Originally posted by: Marlin1975
Originally posted by: drinkmorejava
Pharms have absolutely nothing to do with "fucking doctors over." If anything, the good ones get paid extremely well for their consulting and professional advice to companies. You might feel you're getting fucked over--another argument completely--but doctors benefit greatly, most of the time legitimately and ethically, from their relationship with drug producers.
Drug makers give doctors gifts, trips to "seminars", and so forth. The expect them to push THEIR drugs and/or their name brand and not the cheaper same generic.
<-- Worked at a couple drug makers.
My father is an exec at one, and I have grown up with many sales reps and managers as family friends. In addition, I have met with some of the premier doctors and researchers in the US for dinner, as well as socializing in their own homes.
If you actually worked in sales or some department that specifically dealt with this, you would realize that the dynamics and ethical concerns are much more complicated than this.
Doctors, doctor's associations, etc all run as businesses and the boundaries between patient responsibility, doctor ethics, and corporate guidance are always blurred.
However, with your specific argument, it goes mostly like this.
Doctors getting the most private compensation are by and far the geniuses of our time providing their skill and personal experience to drug companies so they can better conduct and their own studies and improve their products
All other doctors (most) receive relatively inexpensive gifts in order to convince them to hear about a company's drug instead of another?s, the doctor has very little invested commercial interest in any one of these drugs that they hear about on a daily basis. They are not receiving checks for thousands of dollars every month for choosing specific drugs. This is not to be confused with corporate reimbursement programs where a doctor will receive compensation for drugs that are not fully covered by insurance, thus allowing them to provide them at lower cost.

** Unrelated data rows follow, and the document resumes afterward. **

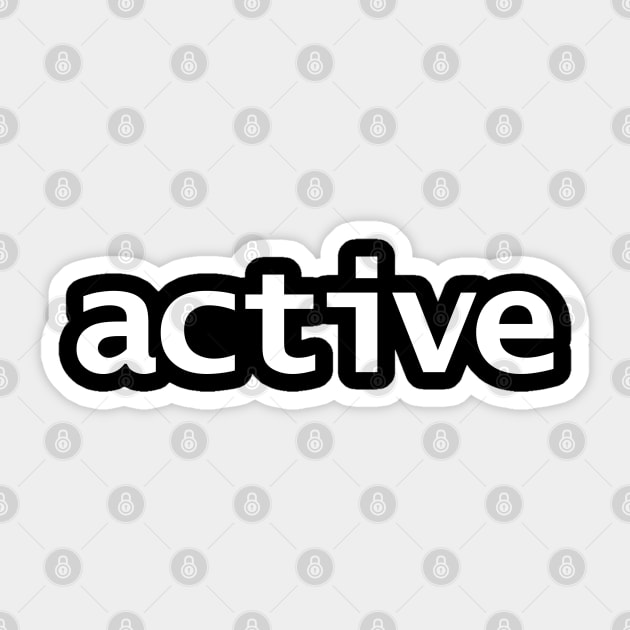 Active Minimal Typography White Text Sticker by ellenhenryart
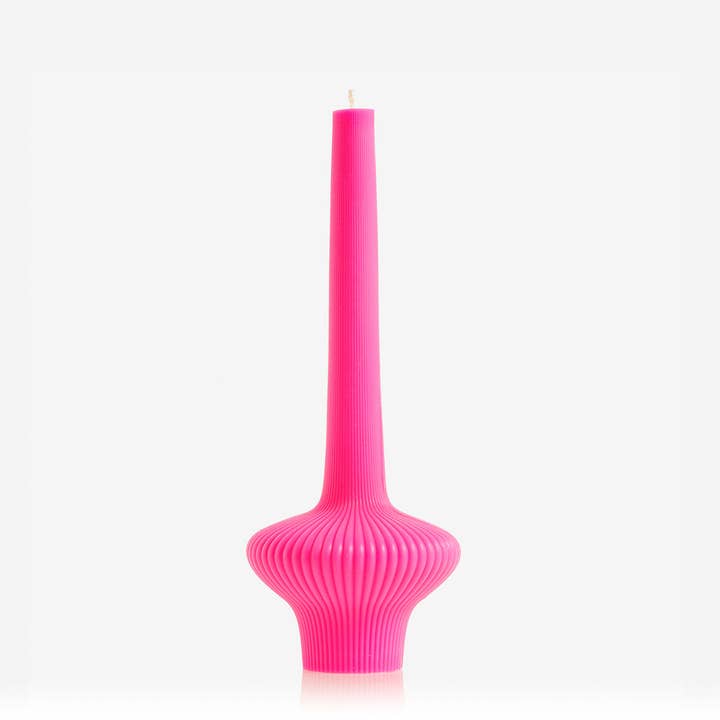 VELA PINNACLE ROSA NEÓN para venta al por mayor de Ancient Candle Co.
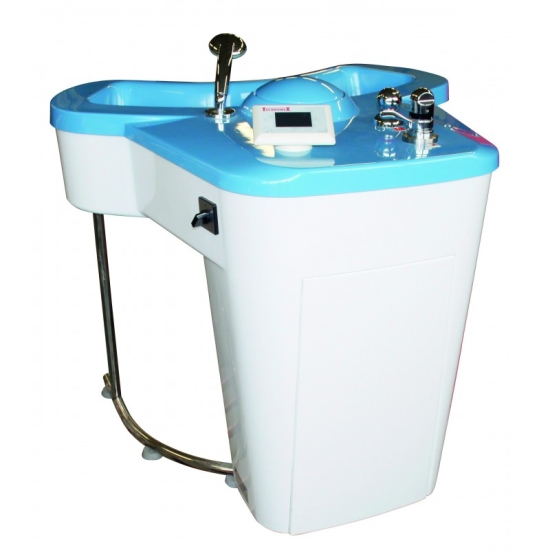 Castillo – wanna do masażu wirowego kończyn górnych z panelem sterowania i natryskiem.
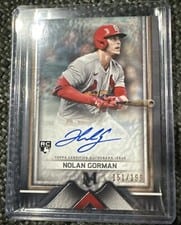 2023 Topps Museum Collection Archival Autographs Nolan Gorman #AA-NG card
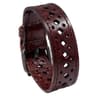 Vintage Leather Bracelet Unisex Retro Hollow Cuff Personalized Wristband 4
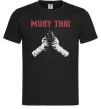 Мужская футболка Muay Thai руки Черный фото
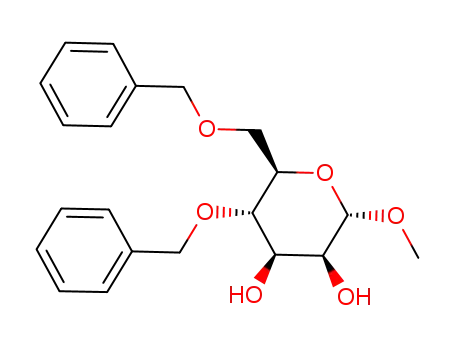 Molecular Structure of 73045-57-5 (methyl 4,6-di-O-benzyl-α-D-mannopyranoside)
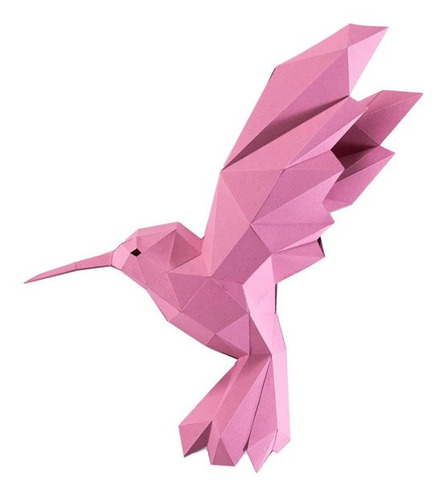 Imagen 3 de 5 de Colibríes Para Armar Papercraft Papiroflexia (pdf)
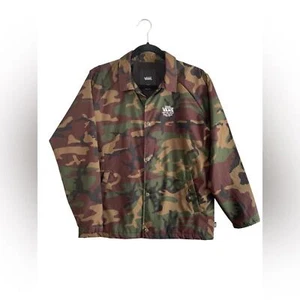 Vans “Off the Walls” Camo Snap Closure Jacket Youth L - Picture 1 of 3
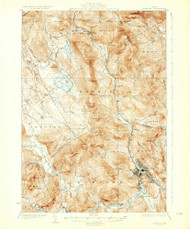 Rumford, Maine 1930 (1930) USGS Old Topo Map Reprint 15x15 ME Quad 460818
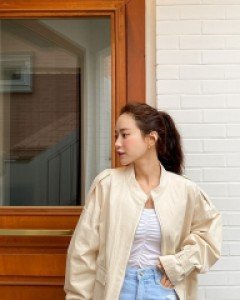 [EVELLET] Luera Trench Windbreaker Zip up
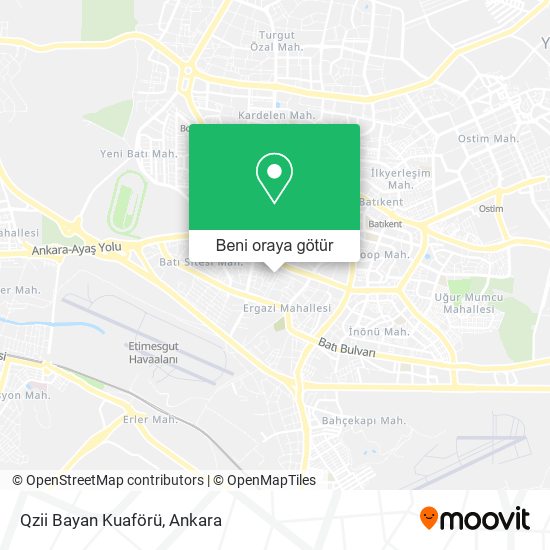 Qzii Bayan Kuaförü harita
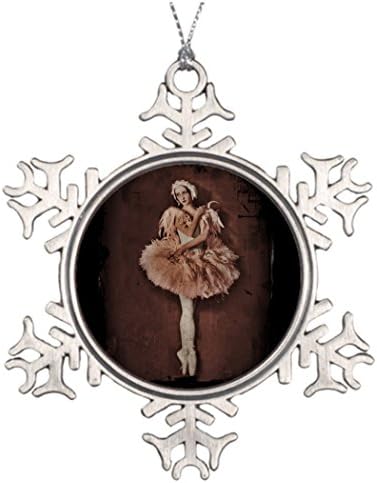 Personalised Christmas Tree Decoration Swan Lake Ballerina House Snowflake Ornaments On Toes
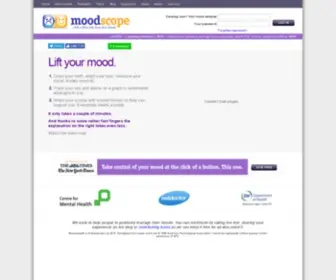 Moodscope.com(Moodscope's depression test) Screenshot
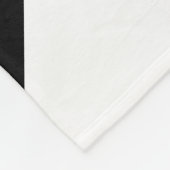 Athletic Bright Paarse Zwart Wit Racing Stripes Fleece Deken (Hoek)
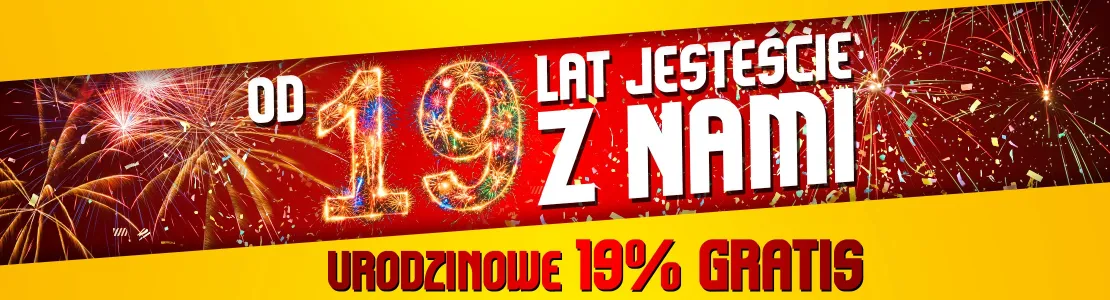 1 Kwietnia kończymy 19 LAT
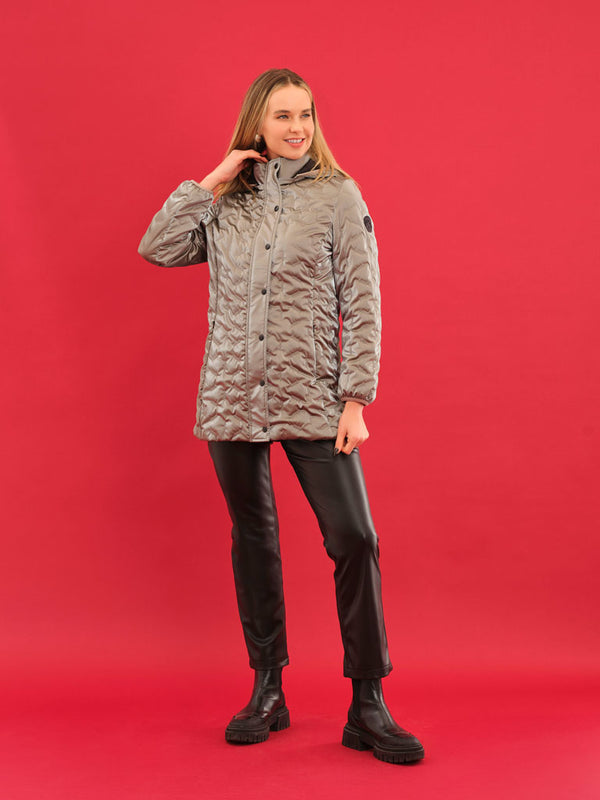 Dplcezza Woven Jacket | Taupe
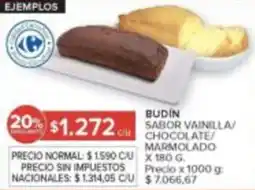 Carrefour Budín sabor vainilla/ chocolate/ marmolado oferta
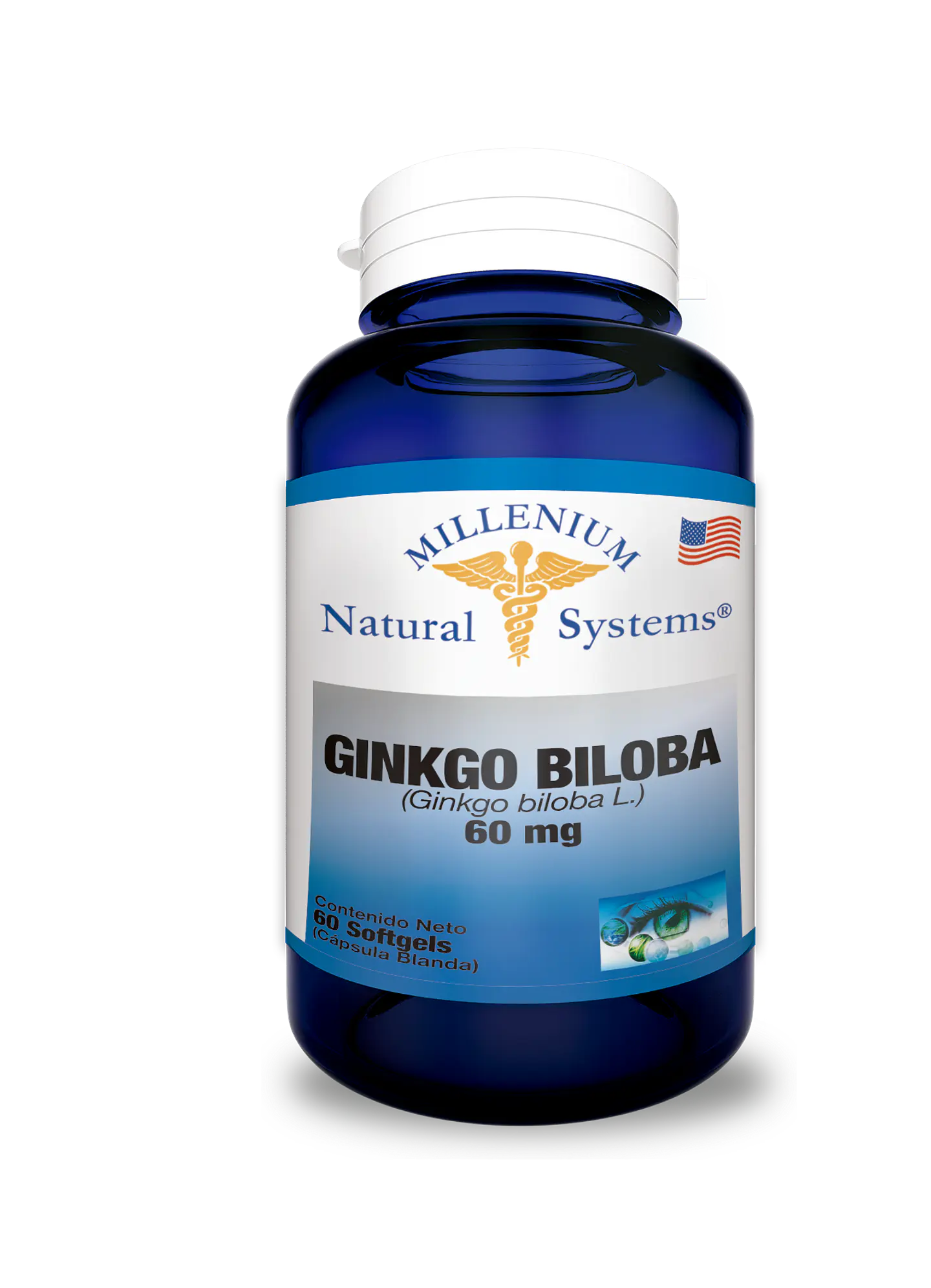 Ginkgo Biloba 60mg 60 Softgels Natural Systems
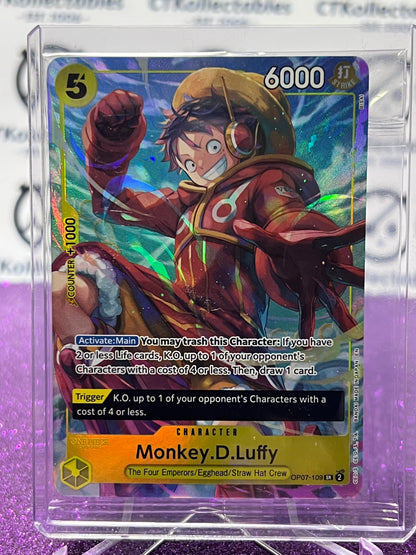 2025 ONE PIECE 500 YEARS IN THE FUTURE MONKEY.D.LUFFY # OP07-109 SR PROMO FOIL TCG CARD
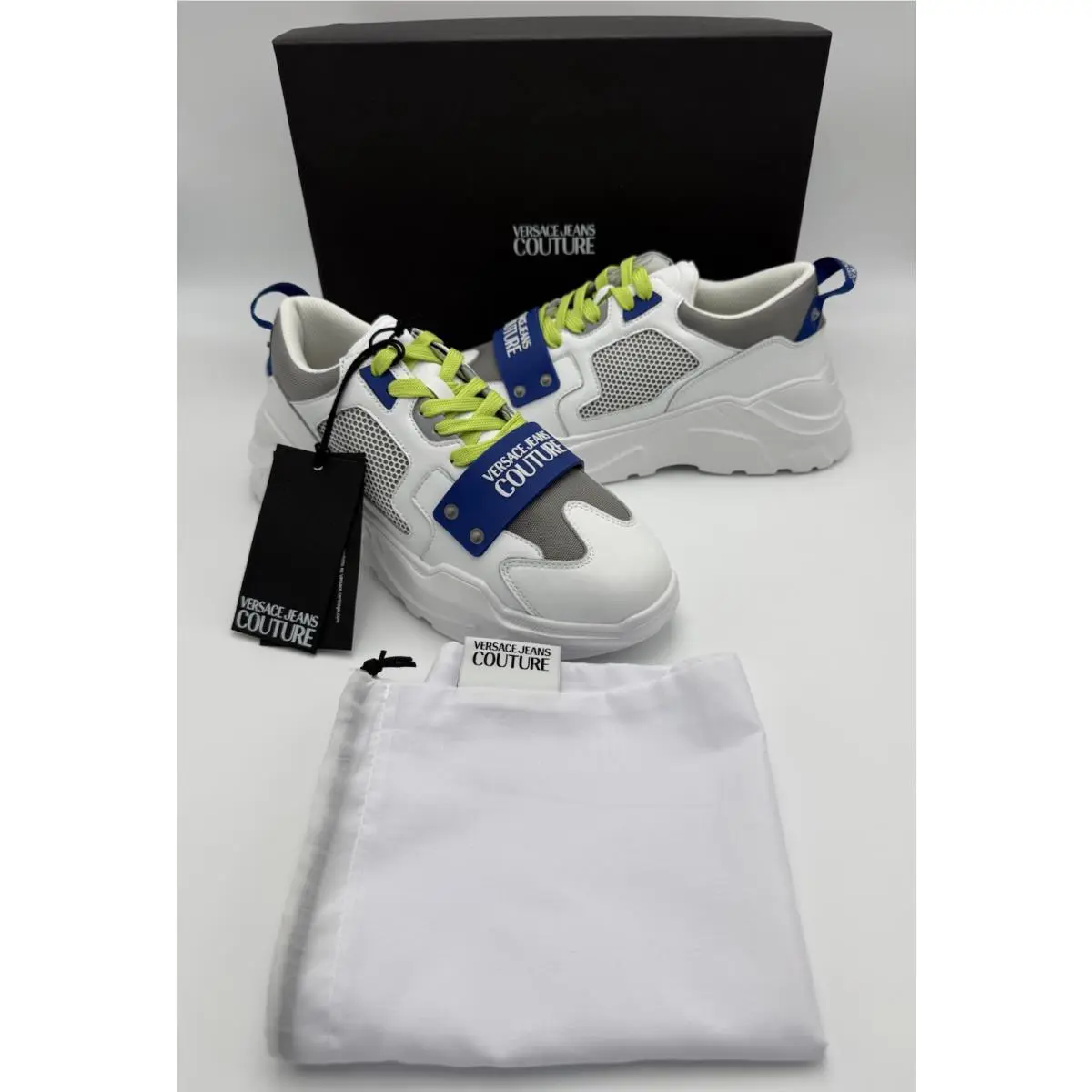 Versace Jeans Couture Logo Strap Chunky Sneakers Men`s sz EU45 / US 12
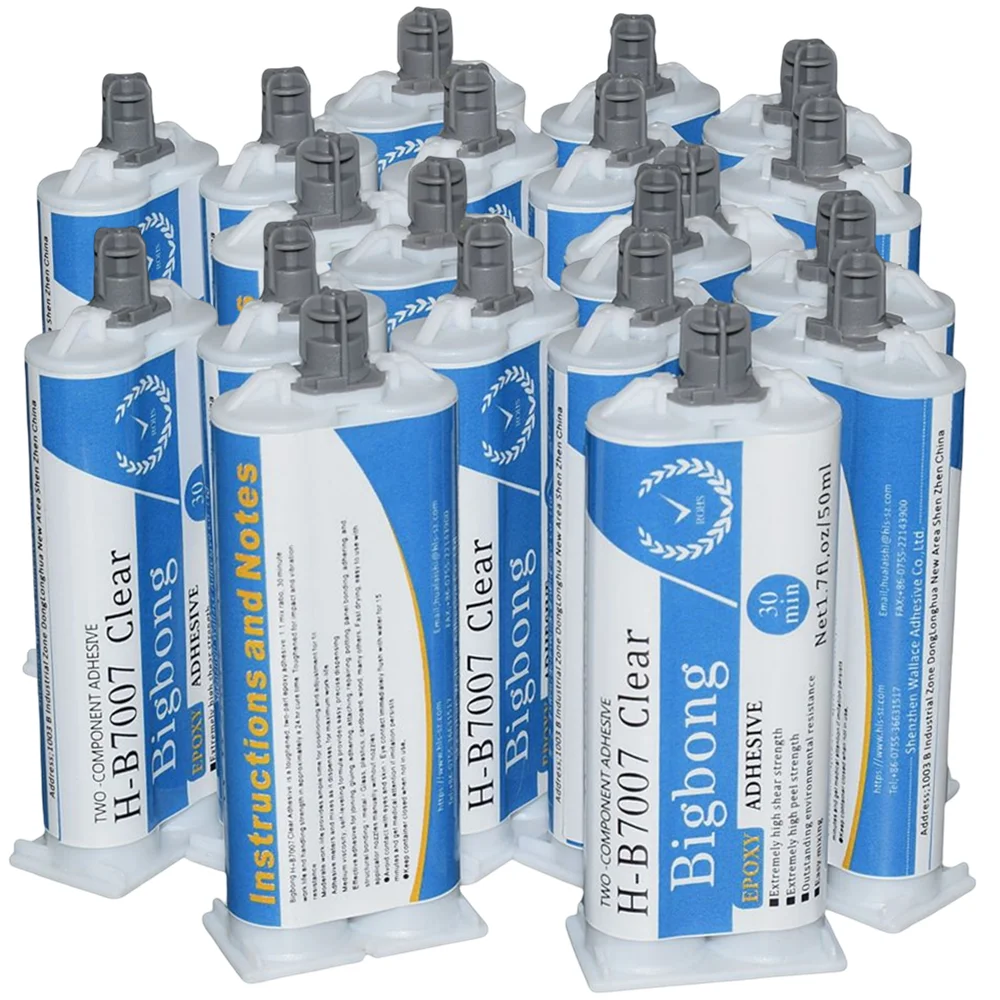 20pcs Epoxy Resin 50ml 1:1 Transparent Structural Adhesives AB Glues Curing Time 30 Minutes for 50ml Caulking Gun 1:1 Glue Guns
20pcs Epoxy Resin 50ml 1:1 Transparent Structural Adhesives AB Glues Curing Time 30 Minutes for 50ml Caulking Gun 1:1 Glue Guns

Doctors are paid for consulting, sitting on boards, managing trials, running lectures. All of which are extremely important in the design, production, and distribution of drugs and are requiring of highly skilled doctors .They are not paid for meeting quotas on selling certain drugs.
As for patient responsibility, doctors are there to help provide for your healthcare, not be your baby sitter. It is your responsibility to ask if there is a generic if one is not offered, or if there are comparable drugs, just as it is your responsibility to seek a second opinion if you are not comfortable with a treatment or diagnosis.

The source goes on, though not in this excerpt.